Detalhes bibliográficos
Ano de defesa: 2024
Autor(a) principal: Santos, Gislaine dos
Orientador(a): Não Informado pela instituição
Banca de defesa: Não Informado pela instituição
Tipo de documento: Dissertação
Tipo de acesso: Acesso aberto
Idioma: por
Instituição de defesa: Biblioteca Digitais de Teses e Dissertações da USP
Programa de Pós-Graduação: Não Informado pela instituição
Departamento: Não Informado pela instituição
País: Não Informado pela instituição
Palavras-chave em Português:
Link de acesso: https://www.teses.usp.br/teses/disponiveis/74/74135/tde-25032025-103613/
Resumo: Vesículas extracelulares (VEs) são nanopartículas encontradas em fluidos corporais e carregam materiais bioativos (lipídios, proteínas, miRNAs) como meio de comunicação intercelular. Em pesquisas reprodutivas, seu uso se tornou promissor para a suplementação em meio de cultivo. No entanto, o desafio é definir técnicas precisas e confiáveis para o isolamento de VEs devido à sua alta heterogeneidade e propriedades biofísicas sobrepostas. Dessa forma, a hipótese do trabalho foi que VEs do fluido folicular (ffVEs) bovino isoladas por dois métodos diferentes, ultracentrifugação (UC) ou cromatografia por exclusão se tamanho (SEC), apresentam conteúdo de mRNA, miRNA, lipídio e proteína distintos que impactam vias biológicas em complexos cumulus-oócitos maturados in vitro quando suplementados.
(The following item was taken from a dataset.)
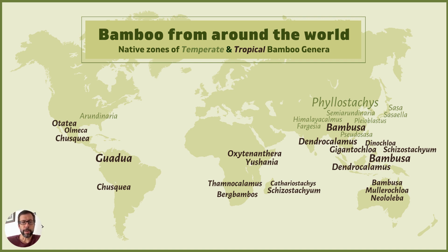For the most part, you have the tropical clumpers clustered around the equator. As you work your way northward, you get more into the temperate running bamboos, like Phyllostachys, for example — the big one — which is probably the most common genus of running bamboo. And there are all sorts of varieties of tropical clumping bamboo as well.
Assim, os objetivos deste estudo foram caracterizar as ffVEs isolados por UC ou SEC em termos de tamanho, concentração de partículas e presença de proteínas específicas. Além disso, determinamos o perfil de miRNAs, mRNAs, lipídios e proteínas, e avaliamos os efeitos das VEs como suplementação durante a MIV nos transcritos de células do cumulus, no número de projeções transzonais (TZPs) e na taxa de maturação. Os resultados obtidos com esse projeto esclareceram as variações no conteúdo das ffVEs isoladas por diferentes métodos e os efeitos da suplementação dessas durante a MIV. O uso de ffVEs isoladas pela SEC durante a MIV foi capaz de modular transcritos das células do cumulus, diminuir o número de TZPs as 9 h e aumentar a taxa de maturação as 21 h. Portanto, a escolha do método de isolamento de VEs é crucial para otimizar o uso das ffVEs como suplemento na MIV e pode influenciar significativamente nos resultados obtidos.